-- Collected data follows --

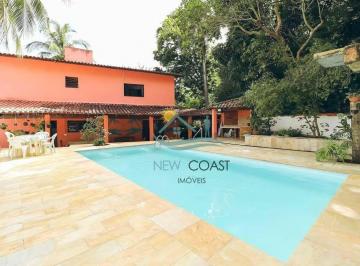 32cd9249353ef2fe01945cfb7322289cf74c4cb2 · Casa à venda a 50 metros da praia Guaecá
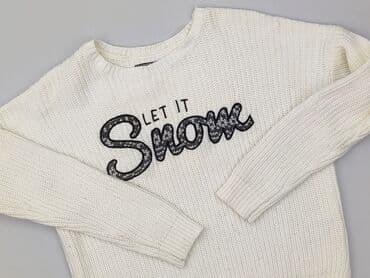 Women's Clothing: FB Sister, Women`s sweater, size S — 1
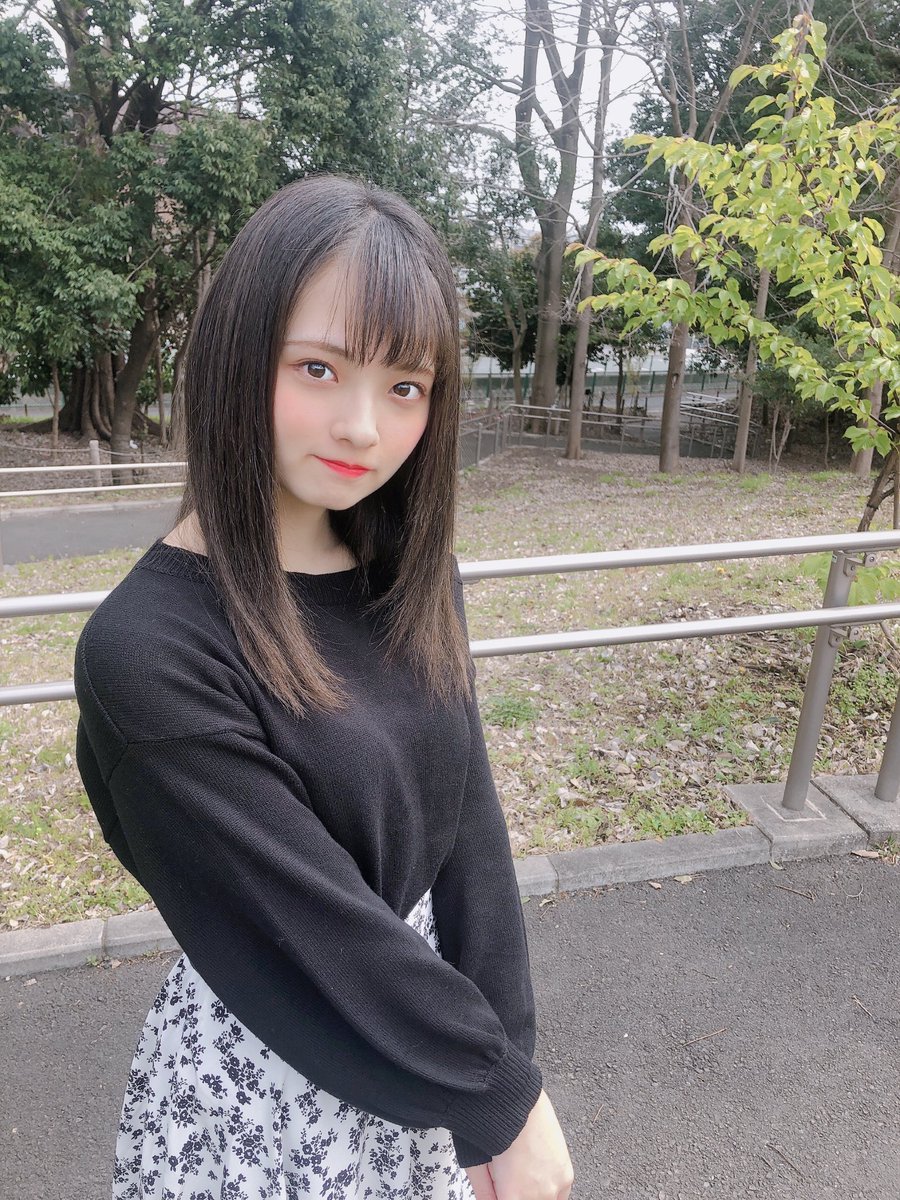 水野舞菜 ラストアイドル2期生 در توییتر はやく会いたいねえ ラストアイドル 水野舞菜 水野舞菜 ラストアイドル2期生 در توییتر はやく会いたいねえ ラストアイドル 水野舞菜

-- Collected data concluded --

- [Exercise aim] Give back the material word for word, without images.

- [Result]
 32cd9249353ef2fe01945cfb7322289cf74c4cb2 · Casa à venda a 50 metros da praia Guaecá
 Women's Clothing: FB Sister, Women`s sweater, size S — 1
 水野舞菜 ラストアイドル2期生 در توییتر はやく会いたいねえ ラストアイドル 水野舞菜 水野舞菜 ラストアイドル2期生 در توییتر はやく会いたいねえ ラストアイドル 水野舞菜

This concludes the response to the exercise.